When I was a kid in Bridgeport, Connecticut, my dad and I were Brooklyn Dodger fans to the core. We bucked the tide of Yankee fans riding along with the winners. In retrospect, I wondered if their choice of hero worship reflected a need in themselves to bask in the glow of winners: The team I align myself with is a winner, ergo, I am a winner.
Well, what did that say about my dad, my mom, and me? Were we losers because our beloved Dodgers hadn’t won a series in our lifetimes?
Slap my face for even thinking that. After their mother died, my dad and his two brothers moved from orphanage to orphanage wherever Grandpa’s work on government ships took him. What they learned was Family First, self-sufficiency, and holding out against the odds. Tenacity.
My mom and her two sisters, the youngest of ten surviving children, left school at age sixteen to join the work force, as had their brothers before them. Savings accumulated by my maternal grandfather, a feed-and-grain businessman, dwindled, requiring every able hand to take on work to keep the family together. Self-sacrifice. Cooperation. Persistence.
In 1955, I was in the driveway waiting for my dad to come home from work.

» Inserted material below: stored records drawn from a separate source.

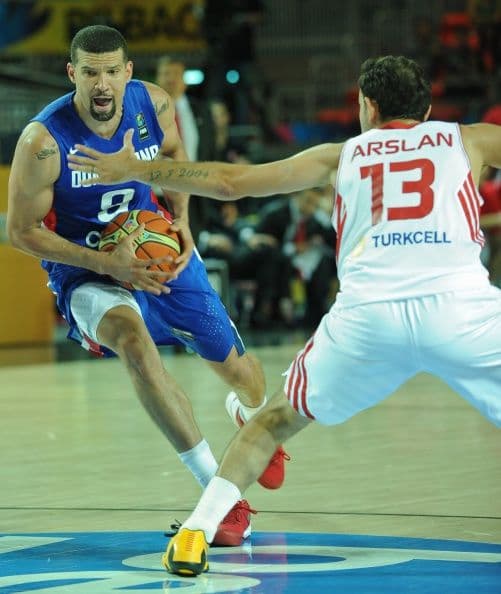 República Dominicana perdió contra Turquía (77-64) en el último partido de la primera fase de grupos, pero se clasificó por primera vez a unos octavos de final, como tercero del grupo C, con sede en Bilbao.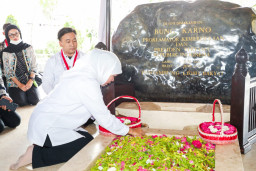 Ziarah Makam Bung Karno, Gubernur Khofifah Ajak Pimpinan Mahasiswa  Cipayung Plus Tanamkan Nasionalisme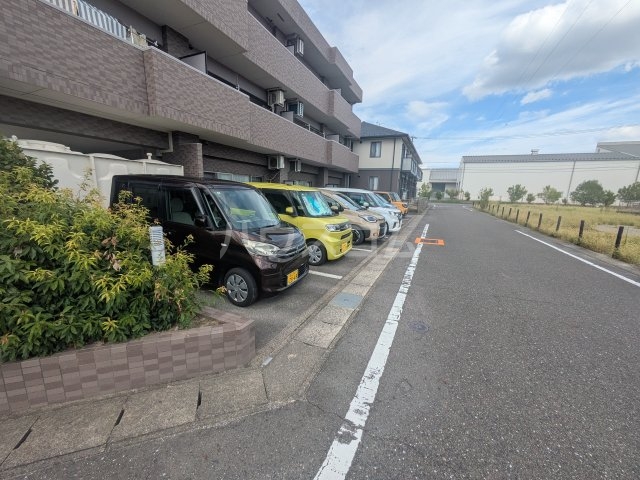22/30 駐車場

We spied each other, and the hullabaloo began. Me, shouting at the top of my lungs, wearing my Dodgers’ cap, waving my Dodger pennants, and my dad endlessly honking the horn and shouting back. The Boys of Summer had finally won the World Series! Tenacity. Self-sacrifice. Cooperation. Persistence. It all paid off.
After my beloved Dodgers dodged Brooklyn for less-green pastures in L.A., I lost interest. They abandoned their loyal fans and their heritage as trolley dodgers for monetary gain. From then on, I watched sports in general degrade into huge money-making machines with little loyalty to their family of fans
When I heard that Chicago-Cleveland Series tickets this year went for as high as $1,500 plus, I was struck by how pervasive GREED is in our society. It pollutes everything from sports, TV, movies, theater, politics, and some unscrupulous sects of religion. Money is god in our culture.
Still, I had no hesitation in rooting for the Chicago Cubs. No World Series win in 108 years? Bring it on! That’s my kind of team! Down three-to-one in the series and they WIN the @#$%& thing! Woo-hoo! My kind of guys! Tenacity, self-sacrifice, cooperation, persistence.
“Okay,” you ask, “so what has all this got to do with writing?”
Duh! Really? Do I have to spell it out for you? Stop reading this, START WRITING and DON’T GIVE UP!